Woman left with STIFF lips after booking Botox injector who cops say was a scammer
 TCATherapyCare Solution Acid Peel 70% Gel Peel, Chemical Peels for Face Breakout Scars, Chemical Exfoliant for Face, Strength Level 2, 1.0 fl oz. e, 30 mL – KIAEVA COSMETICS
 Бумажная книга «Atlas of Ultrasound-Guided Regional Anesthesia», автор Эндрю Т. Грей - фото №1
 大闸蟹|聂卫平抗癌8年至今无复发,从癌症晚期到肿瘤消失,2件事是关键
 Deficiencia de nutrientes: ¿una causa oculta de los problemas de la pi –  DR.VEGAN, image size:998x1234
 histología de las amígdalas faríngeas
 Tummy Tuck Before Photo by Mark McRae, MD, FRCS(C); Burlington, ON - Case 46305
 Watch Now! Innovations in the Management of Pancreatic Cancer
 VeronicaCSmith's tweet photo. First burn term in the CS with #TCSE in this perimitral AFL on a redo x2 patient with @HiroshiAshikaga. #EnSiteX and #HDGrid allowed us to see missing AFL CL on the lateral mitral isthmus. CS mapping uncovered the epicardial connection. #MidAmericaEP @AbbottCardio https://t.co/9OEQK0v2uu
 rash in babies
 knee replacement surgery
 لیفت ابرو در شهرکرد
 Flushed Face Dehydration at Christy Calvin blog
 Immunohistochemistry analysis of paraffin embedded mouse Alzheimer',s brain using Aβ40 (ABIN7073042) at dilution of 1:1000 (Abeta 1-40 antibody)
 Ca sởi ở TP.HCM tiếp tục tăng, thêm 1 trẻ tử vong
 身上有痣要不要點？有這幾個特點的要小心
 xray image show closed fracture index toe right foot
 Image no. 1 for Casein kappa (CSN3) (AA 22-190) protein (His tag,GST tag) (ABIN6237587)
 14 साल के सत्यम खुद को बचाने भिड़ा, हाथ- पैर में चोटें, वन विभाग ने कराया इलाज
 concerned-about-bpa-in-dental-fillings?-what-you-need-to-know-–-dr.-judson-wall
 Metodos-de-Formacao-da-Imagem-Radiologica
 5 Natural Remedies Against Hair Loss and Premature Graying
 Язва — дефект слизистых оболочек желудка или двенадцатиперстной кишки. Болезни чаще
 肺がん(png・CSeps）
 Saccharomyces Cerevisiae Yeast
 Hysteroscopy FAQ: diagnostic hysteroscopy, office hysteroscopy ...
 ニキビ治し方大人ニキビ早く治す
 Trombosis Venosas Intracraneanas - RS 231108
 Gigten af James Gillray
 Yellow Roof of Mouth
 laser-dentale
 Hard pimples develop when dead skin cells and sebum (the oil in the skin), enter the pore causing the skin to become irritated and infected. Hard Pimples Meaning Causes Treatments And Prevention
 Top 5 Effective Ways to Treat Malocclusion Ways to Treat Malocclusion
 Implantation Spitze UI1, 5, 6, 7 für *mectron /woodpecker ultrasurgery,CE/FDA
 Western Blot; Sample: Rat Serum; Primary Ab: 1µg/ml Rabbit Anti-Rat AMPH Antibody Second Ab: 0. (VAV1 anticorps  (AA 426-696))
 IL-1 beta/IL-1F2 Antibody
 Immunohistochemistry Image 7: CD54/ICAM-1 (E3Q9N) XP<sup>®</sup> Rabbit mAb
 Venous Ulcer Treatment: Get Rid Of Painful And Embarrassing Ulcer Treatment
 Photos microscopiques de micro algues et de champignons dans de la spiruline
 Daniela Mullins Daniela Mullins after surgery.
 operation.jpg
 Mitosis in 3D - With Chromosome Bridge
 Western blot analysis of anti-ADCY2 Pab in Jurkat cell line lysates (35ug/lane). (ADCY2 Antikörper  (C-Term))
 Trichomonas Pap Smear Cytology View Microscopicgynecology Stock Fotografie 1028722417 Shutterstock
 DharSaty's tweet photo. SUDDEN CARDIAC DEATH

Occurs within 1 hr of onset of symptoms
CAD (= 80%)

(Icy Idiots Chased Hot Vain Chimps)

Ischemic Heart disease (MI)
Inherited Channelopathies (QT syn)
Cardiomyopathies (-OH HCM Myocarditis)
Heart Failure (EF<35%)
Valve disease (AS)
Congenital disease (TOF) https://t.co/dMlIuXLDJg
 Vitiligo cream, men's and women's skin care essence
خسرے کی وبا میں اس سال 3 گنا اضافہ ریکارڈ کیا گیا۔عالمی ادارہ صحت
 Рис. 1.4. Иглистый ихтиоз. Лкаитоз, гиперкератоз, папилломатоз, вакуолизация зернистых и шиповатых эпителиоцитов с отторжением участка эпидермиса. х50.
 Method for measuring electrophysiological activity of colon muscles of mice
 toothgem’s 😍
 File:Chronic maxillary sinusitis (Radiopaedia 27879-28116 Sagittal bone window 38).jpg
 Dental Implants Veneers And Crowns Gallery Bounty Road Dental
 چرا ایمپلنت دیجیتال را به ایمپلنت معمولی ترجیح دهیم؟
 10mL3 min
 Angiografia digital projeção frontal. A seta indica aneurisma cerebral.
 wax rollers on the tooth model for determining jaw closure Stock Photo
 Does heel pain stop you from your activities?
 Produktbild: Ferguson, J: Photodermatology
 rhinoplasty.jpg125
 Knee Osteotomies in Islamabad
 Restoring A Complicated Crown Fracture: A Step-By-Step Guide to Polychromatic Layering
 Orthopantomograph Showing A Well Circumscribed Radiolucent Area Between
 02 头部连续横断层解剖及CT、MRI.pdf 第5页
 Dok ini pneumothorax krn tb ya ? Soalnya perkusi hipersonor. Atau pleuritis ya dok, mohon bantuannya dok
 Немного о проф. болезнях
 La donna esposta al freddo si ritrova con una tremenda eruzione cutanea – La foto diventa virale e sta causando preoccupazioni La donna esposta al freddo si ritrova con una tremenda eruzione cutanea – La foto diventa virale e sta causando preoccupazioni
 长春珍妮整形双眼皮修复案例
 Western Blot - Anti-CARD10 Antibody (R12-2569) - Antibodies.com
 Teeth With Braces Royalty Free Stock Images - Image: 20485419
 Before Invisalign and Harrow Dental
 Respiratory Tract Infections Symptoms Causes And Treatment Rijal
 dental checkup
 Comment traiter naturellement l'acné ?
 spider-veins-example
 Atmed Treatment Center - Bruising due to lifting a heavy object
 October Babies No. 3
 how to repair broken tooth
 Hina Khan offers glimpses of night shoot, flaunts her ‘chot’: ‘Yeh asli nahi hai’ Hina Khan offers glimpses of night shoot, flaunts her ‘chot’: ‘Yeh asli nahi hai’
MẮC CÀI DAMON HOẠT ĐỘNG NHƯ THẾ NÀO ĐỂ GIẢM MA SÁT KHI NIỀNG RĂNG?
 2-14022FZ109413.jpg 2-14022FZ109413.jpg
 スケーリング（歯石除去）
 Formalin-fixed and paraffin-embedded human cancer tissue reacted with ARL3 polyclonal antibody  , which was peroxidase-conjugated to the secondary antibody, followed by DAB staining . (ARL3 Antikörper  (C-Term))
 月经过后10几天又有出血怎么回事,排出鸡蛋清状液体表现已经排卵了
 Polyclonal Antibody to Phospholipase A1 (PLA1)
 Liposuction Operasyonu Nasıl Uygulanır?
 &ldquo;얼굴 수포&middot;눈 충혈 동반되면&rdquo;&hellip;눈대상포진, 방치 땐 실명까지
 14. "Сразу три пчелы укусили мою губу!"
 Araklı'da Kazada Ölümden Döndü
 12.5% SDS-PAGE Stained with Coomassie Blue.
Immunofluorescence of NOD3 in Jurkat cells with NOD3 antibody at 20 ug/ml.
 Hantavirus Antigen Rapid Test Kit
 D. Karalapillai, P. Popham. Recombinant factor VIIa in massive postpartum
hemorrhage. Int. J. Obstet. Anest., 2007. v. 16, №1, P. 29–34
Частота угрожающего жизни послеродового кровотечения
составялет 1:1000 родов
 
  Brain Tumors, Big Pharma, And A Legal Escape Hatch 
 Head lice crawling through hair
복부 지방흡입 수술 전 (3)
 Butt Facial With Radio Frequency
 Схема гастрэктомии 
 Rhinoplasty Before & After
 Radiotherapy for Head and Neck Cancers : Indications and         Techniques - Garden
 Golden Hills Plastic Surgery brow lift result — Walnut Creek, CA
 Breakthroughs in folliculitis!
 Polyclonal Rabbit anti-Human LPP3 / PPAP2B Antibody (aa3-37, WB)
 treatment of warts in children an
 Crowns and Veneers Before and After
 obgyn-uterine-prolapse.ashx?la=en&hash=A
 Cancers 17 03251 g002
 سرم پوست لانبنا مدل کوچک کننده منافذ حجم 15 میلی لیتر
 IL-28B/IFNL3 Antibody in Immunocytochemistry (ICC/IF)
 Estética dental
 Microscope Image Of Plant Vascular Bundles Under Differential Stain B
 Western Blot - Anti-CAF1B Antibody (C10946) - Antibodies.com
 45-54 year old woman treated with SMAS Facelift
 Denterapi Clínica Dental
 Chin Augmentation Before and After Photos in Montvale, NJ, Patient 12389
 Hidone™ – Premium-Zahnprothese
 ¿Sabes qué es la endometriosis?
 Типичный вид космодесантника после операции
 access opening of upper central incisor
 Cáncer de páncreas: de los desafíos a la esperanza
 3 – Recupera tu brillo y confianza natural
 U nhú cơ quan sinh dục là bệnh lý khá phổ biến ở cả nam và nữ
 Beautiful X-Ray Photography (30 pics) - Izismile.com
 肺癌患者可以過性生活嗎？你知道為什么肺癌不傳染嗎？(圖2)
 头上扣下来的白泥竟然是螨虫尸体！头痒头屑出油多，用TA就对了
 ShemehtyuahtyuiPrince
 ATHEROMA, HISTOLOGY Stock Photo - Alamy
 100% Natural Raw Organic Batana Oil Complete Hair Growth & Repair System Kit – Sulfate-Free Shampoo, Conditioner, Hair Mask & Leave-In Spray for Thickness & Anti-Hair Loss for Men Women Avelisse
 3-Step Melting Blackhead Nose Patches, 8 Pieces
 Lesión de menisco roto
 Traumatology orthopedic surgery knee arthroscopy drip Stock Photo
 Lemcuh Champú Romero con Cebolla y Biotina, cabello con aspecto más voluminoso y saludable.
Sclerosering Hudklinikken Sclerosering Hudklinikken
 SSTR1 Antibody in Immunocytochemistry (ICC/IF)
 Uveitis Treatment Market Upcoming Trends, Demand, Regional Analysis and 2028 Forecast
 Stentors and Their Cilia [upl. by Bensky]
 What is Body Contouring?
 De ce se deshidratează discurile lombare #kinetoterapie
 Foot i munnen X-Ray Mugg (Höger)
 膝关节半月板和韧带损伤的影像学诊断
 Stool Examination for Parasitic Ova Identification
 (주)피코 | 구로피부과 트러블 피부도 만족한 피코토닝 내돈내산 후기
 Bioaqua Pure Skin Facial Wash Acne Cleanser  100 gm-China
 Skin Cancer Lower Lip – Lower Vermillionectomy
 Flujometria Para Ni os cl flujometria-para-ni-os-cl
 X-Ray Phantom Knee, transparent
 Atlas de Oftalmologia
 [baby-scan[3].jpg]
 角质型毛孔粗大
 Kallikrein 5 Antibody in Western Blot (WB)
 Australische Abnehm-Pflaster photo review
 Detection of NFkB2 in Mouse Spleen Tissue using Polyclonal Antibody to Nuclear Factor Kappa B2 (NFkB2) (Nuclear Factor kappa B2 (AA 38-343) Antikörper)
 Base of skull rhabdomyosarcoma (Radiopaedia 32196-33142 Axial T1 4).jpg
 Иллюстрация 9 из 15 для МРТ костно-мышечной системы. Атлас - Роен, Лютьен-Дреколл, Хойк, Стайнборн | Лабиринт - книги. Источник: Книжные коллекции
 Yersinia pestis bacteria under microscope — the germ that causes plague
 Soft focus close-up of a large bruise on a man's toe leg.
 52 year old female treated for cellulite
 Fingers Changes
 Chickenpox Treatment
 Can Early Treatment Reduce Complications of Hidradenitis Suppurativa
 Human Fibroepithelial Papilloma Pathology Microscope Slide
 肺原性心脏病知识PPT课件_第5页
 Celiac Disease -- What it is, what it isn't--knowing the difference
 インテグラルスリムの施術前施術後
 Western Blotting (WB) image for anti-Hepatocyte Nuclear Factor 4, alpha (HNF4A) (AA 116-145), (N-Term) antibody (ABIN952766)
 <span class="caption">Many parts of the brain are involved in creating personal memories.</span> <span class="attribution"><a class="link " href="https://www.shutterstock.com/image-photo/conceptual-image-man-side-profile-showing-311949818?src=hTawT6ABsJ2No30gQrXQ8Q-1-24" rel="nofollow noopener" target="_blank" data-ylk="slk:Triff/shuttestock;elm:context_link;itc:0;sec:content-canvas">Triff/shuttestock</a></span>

- Problem description -
Whenever a line in the material contains the word "Rabbit", copy that line.

- Solved exercise -
 Western Blot; Sample: Rat Serum; Primary Ab: 1µg/ml Rabbit Anti-Rat AMPH Antibody Second Ab: 0. (VAV1 anticorps  (AA 426-696))
 Immunohistochemistry Image 7: CD54/ICAM-1 (E3Q9N) XP<sup>®</sup> Rabbit mAb
 Polyclonal Rabbit anti-Human LPP3 / PPAP2B Antibody (aa3-37, WB)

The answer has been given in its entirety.